# PROBLEM:
After finding "Camping De Lilse Bergen" in the material below, output its line and every line after it through the last, exactly, but not the pictures.

# DATA:
________

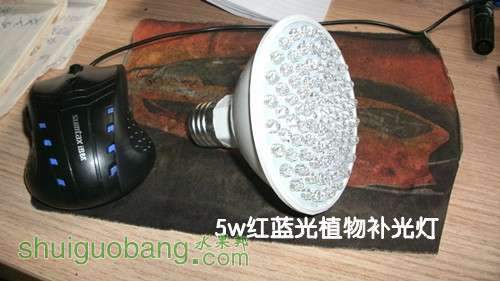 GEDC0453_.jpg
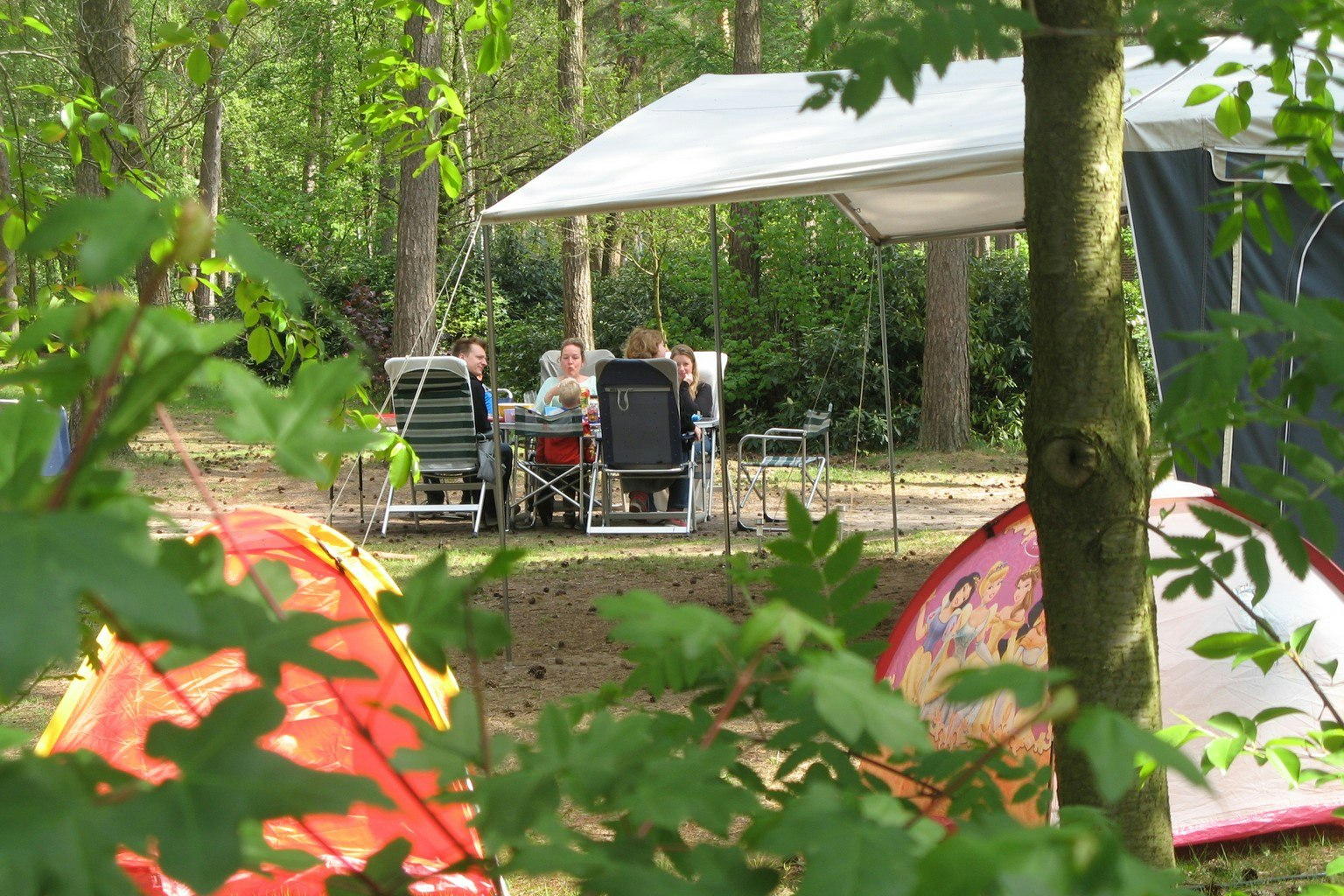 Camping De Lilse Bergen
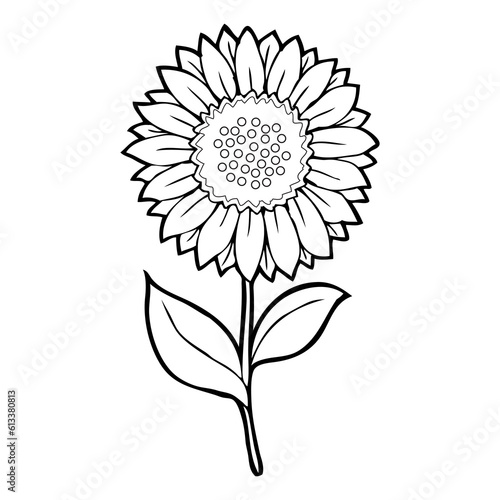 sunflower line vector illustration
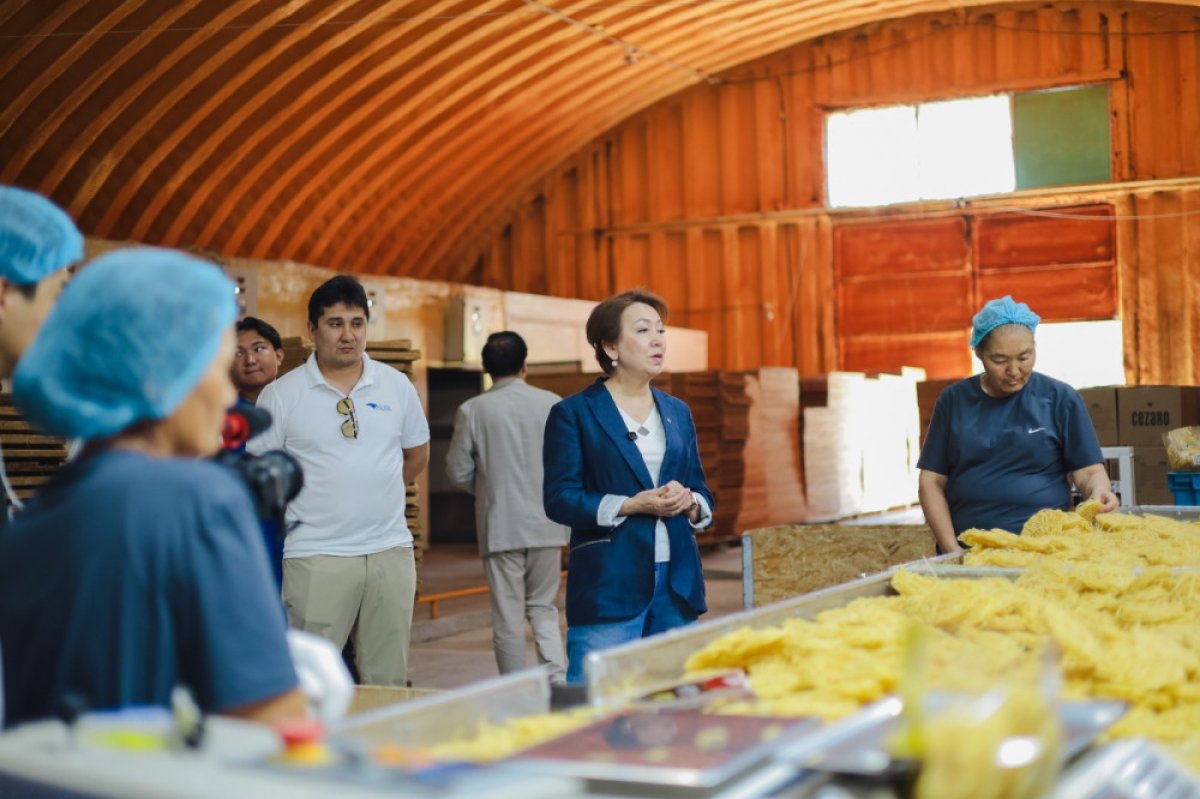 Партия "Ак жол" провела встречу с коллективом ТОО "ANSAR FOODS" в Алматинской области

________

# OUTPUT:
 Camping De Lilse Bergen
 sunflower line vector illustration
 Партия "Ак жол" провела встречу с коллективом ТОО "ANSAR FOODS" в Алматинской области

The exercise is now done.